Choose Your Voice and Focus
Decide whether you will describe yourself in the first person or the third person. You might have to match the style of the website or publication for which you're writing. Choose either "I grew up in California" or "Ms. Hope Smith is a native of California." Next, pick a focus for the narrative. The career biography could cover all of your professional life or focus on the most relevant parts of it. If you've held many jobs or started many businesses, a long paragraph or two could describe that history, but it would read like a list. Choosing a focus, such as one time period or one career you've had, limits what you share. Some writers begin with a mention of their current position and then fill in the history.
Choose Your Style
By necessity, some bios must impress the reader. If you just established a startup and are seeking angel investors, you want the achievements and most impressive jobs you've held included in the sample bio. If you are just describing yourself and posting your bio on a profile for a website or magazine to which you contribute, mentioning multiple achievements might not be as important. Think about how much it is necessary to portray yourself as outstanding.
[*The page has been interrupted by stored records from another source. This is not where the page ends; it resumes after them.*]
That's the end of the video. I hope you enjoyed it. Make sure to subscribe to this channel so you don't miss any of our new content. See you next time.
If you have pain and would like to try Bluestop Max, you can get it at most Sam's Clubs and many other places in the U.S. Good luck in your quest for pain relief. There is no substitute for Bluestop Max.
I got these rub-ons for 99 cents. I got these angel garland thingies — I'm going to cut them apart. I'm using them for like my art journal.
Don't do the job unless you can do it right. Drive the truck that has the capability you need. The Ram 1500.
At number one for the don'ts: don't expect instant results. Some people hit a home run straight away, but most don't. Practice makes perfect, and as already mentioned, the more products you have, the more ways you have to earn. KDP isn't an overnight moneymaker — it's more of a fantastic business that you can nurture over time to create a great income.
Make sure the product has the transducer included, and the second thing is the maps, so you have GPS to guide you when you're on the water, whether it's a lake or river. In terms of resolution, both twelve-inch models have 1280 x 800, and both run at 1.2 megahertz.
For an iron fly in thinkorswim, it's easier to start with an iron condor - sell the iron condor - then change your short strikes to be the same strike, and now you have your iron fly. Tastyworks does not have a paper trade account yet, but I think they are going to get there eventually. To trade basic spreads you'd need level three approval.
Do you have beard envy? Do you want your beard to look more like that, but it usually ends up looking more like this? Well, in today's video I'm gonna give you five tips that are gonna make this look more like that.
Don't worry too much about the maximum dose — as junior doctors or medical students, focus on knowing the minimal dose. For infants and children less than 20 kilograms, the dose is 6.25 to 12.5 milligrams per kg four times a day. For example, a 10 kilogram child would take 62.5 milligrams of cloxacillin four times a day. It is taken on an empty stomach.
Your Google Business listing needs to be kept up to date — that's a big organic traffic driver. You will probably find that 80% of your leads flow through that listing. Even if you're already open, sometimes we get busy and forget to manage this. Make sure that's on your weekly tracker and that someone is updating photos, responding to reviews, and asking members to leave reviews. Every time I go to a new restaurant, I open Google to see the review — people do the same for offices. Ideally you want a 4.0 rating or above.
You also have to decide to mention where you have been published or recognized in the media.
Flesh Out the Bones
Here is an example of a short bio that covers a person's academic and professional background. If you are a decade or more past college graduation, you might not need to mention your academic background. "A native of southern California, Ms. Hope Smith graduated from the University of California Berkeley in 1988. After flying aircraft for 15 years in the Air Force, she joined the aerospace industry. Now, Ms. Smith works in research for Boeing and speaks nationally on the future of the aerospace industry."
Editing is important. Read the biography draft and see if it fits the audience for which you're writing, perhaps readers of a publication or website. Show the biography to a colleague or family member; she might think of something important you left out. Finally, change confusing words, especially words specific to your profession. Simple language makes a biography more accessible to multiple audiences, making it easier to tweak for future purposes.